**ENTRIES SHOWN**:

---*---

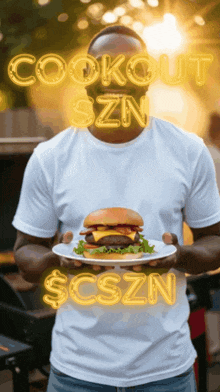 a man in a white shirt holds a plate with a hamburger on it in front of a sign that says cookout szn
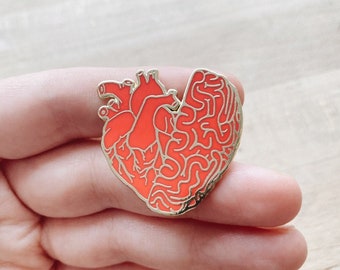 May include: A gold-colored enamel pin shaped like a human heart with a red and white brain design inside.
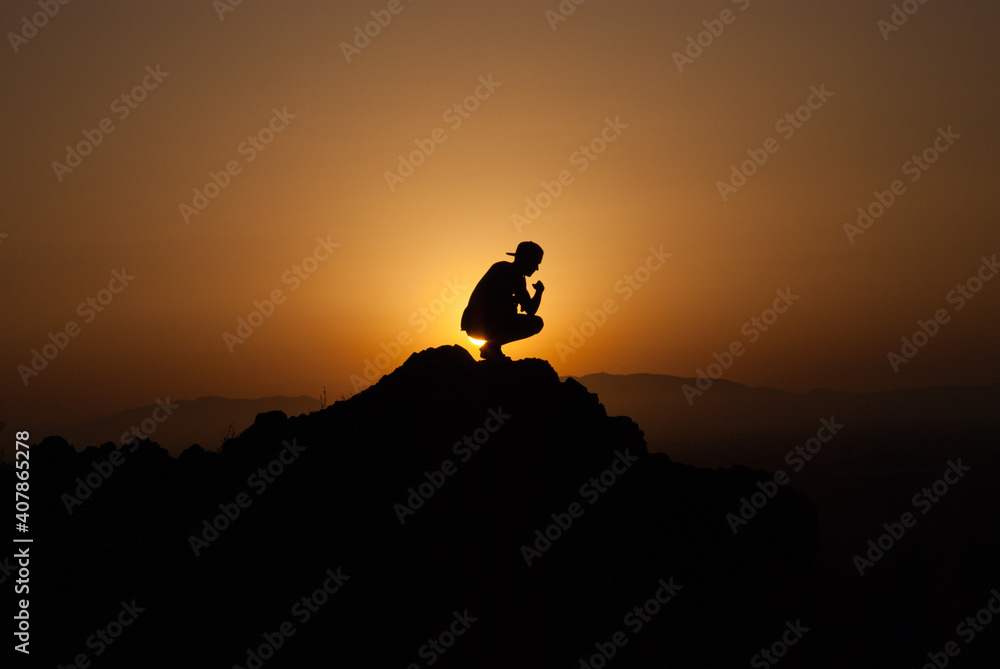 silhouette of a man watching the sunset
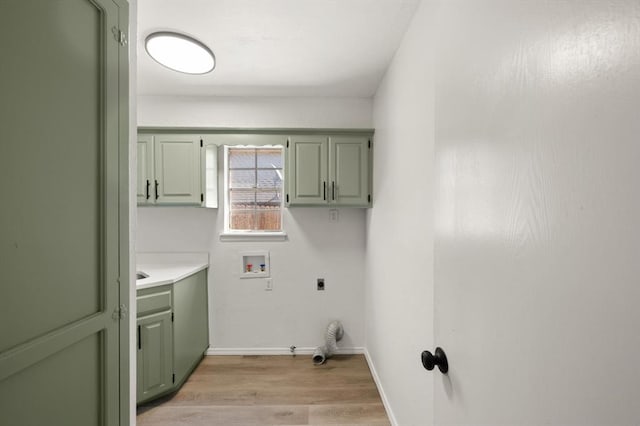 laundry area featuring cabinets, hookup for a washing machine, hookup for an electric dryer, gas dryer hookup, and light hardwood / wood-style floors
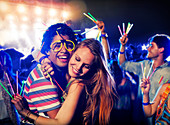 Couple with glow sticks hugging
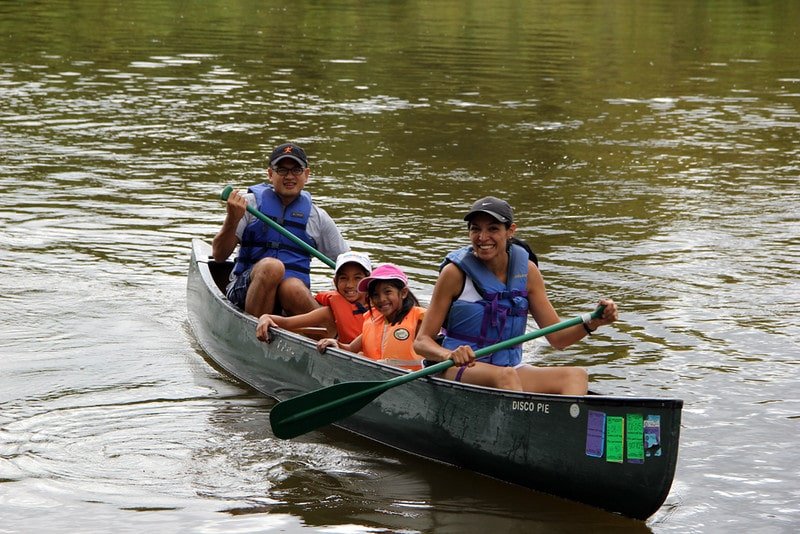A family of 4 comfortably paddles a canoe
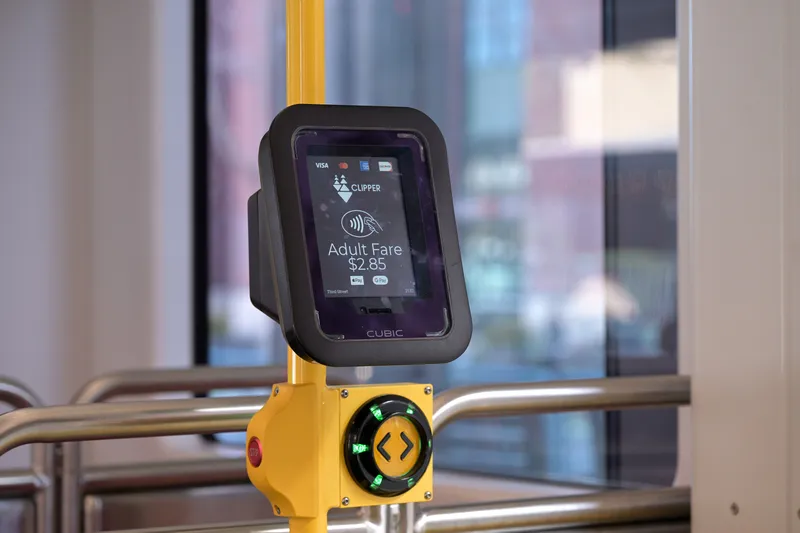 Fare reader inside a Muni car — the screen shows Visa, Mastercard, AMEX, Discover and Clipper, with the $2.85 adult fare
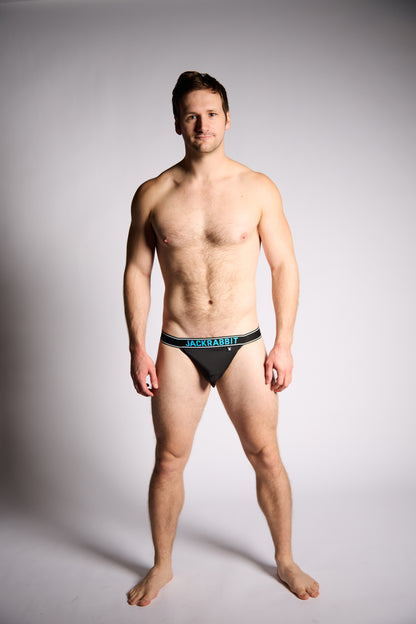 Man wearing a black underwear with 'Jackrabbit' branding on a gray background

---*---

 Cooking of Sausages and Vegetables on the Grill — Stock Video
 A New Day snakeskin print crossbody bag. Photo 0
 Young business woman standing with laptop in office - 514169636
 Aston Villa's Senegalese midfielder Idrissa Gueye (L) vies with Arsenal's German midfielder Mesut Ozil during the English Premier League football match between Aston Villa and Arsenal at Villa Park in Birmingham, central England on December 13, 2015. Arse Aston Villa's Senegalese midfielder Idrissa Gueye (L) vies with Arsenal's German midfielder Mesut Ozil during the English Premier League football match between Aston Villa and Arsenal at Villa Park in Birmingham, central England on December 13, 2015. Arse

---*---

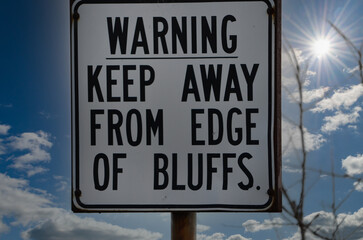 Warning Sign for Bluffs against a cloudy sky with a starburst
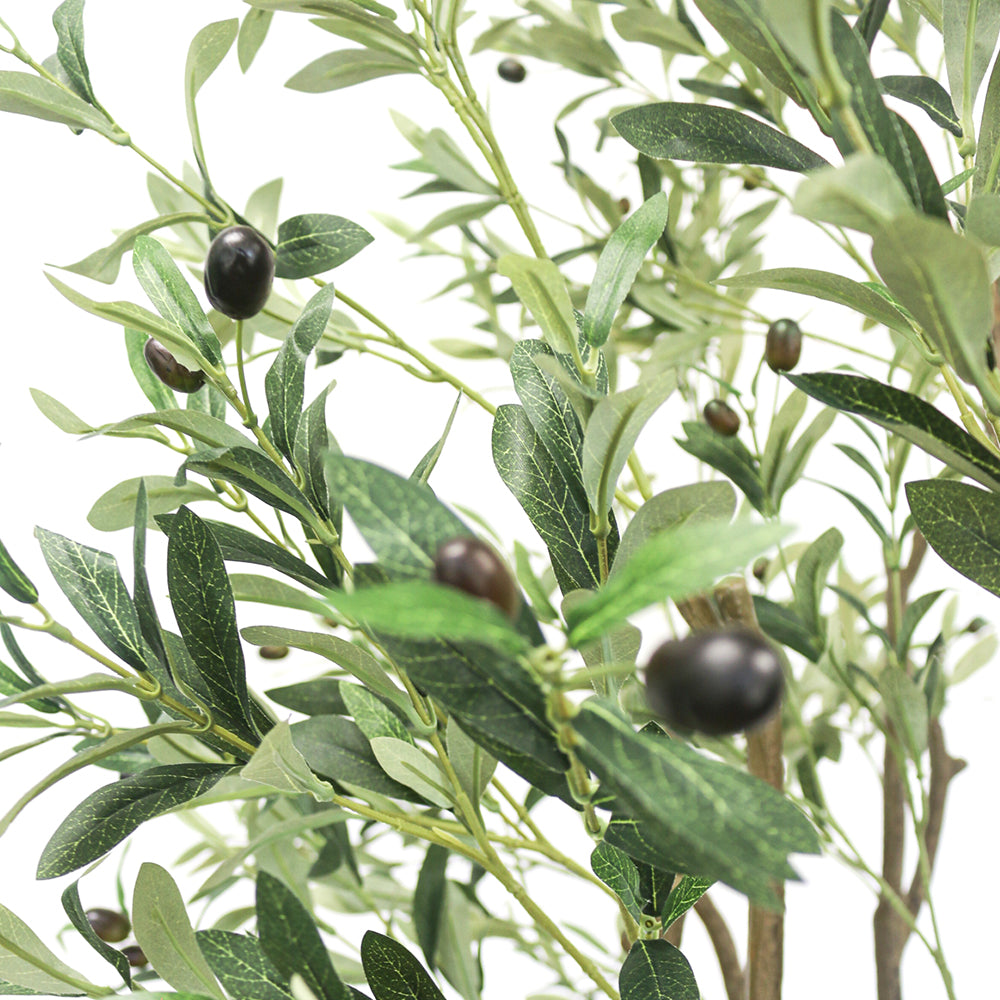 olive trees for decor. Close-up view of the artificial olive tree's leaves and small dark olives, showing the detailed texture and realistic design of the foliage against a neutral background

---*---

The line holding "Couple with glow sticks hugging" starts the copy and the line holding "Man wearing a" ends it. Repeat those two lines above and all between them exactly, leaving out pictures.

**ANSWER TO THE PROBLEM**:
 Couple with glow sticks hugging
A family of 4 comfortably paddles a canoe
 Fare reader inside a Muni car — the screen shows Visa, Mastercard, AMEX, Discover and Clipper, with the $2.85 adult fare
 Man wearing a black underwear with 'Jackrabbit' branding on a gray background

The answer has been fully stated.